::: Dataset extract

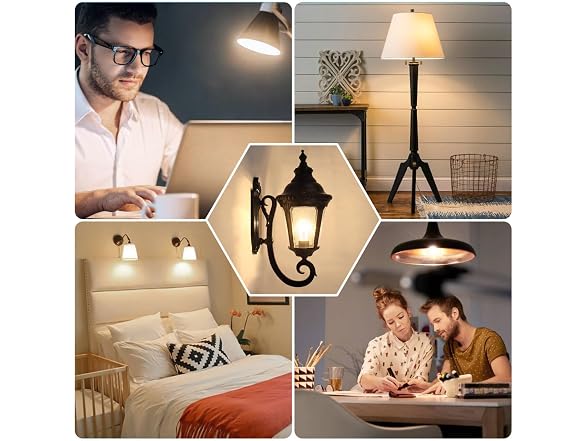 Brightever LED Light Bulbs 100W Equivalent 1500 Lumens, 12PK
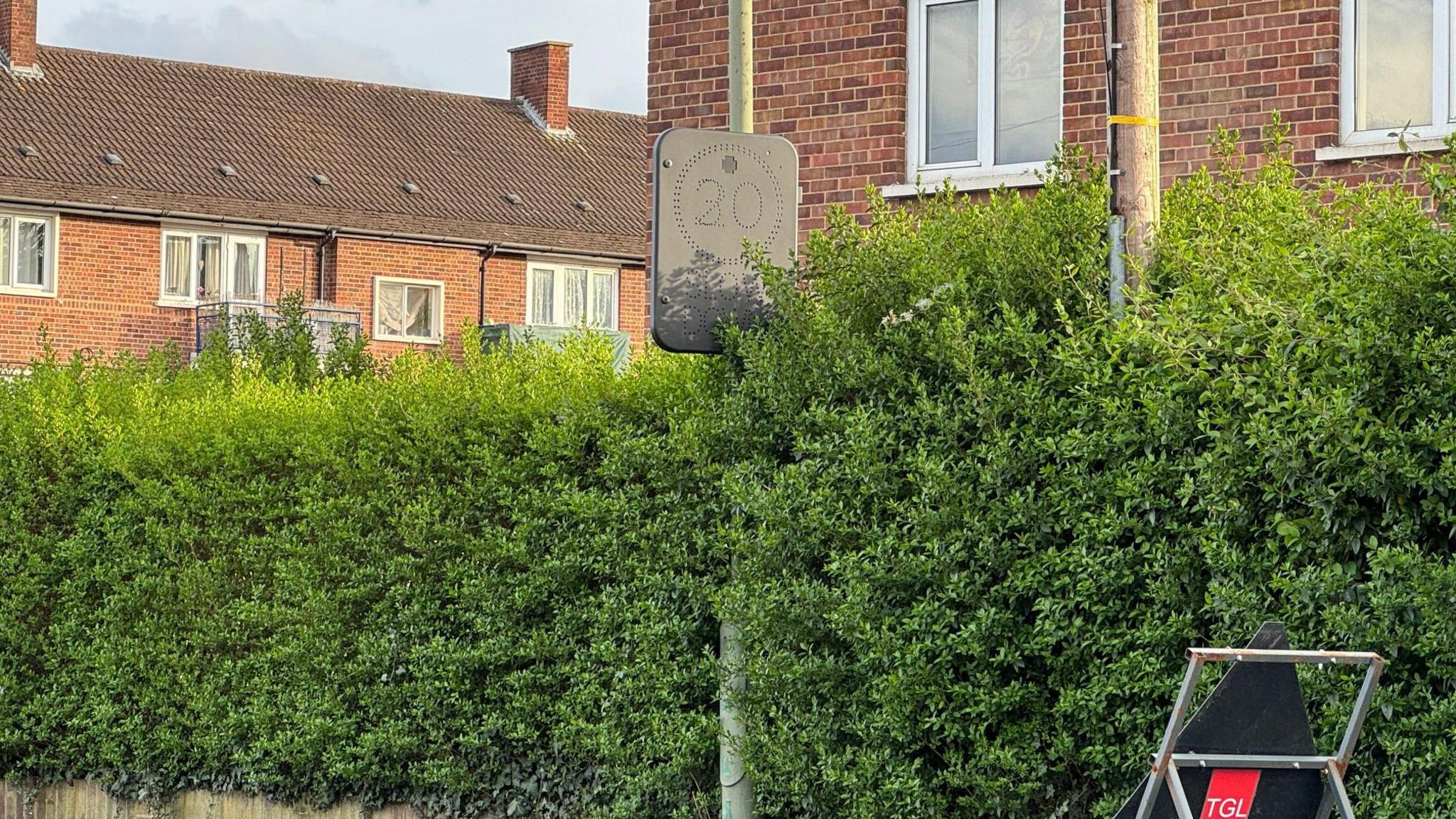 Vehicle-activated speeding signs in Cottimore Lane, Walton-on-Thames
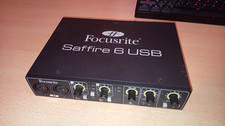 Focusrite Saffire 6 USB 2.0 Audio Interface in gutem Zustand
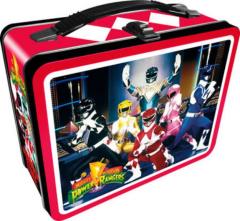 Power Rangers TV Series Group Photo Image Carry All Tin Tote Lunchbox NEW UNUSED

::::::
::: Dataset extract

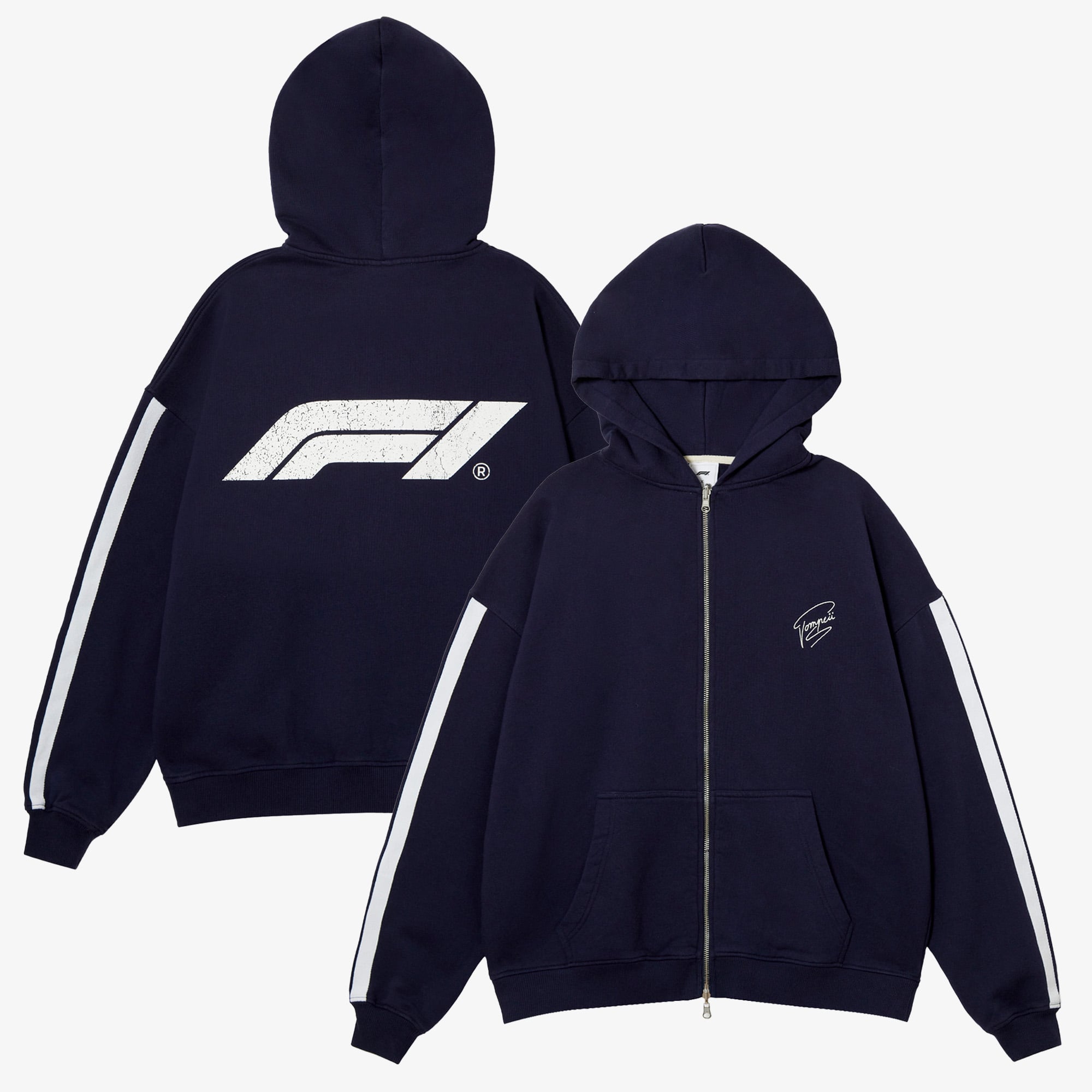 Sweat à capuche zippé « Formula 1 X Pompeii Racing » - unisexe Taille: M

::::::
::: Dataset extract

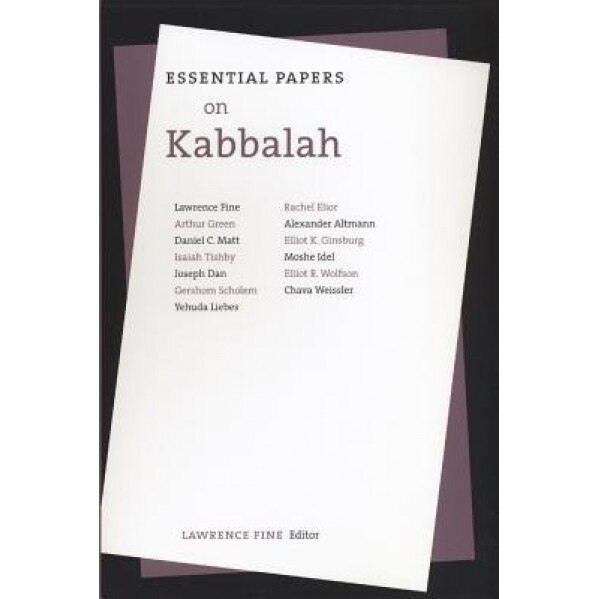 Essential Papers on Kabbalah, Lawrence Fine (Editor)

::::::

Your goal: A clean copy is needed of the lines above from the one with "Vehicle-activated speeding signs" up to and including the one with "Power Rangers TV". Please set it down exactly, with no pictures.

Answer to this exercise:
 Vehicle-activated speeding signs in Cottimore Lane, Walton-on-Thames
 Focusrite Saffire 6 USB 2.0 Audio Interface in gutem Zustand
 Power Rangers TV Series Group Photo Image Carry All Tin Tote Lunchbox NEW UNUSED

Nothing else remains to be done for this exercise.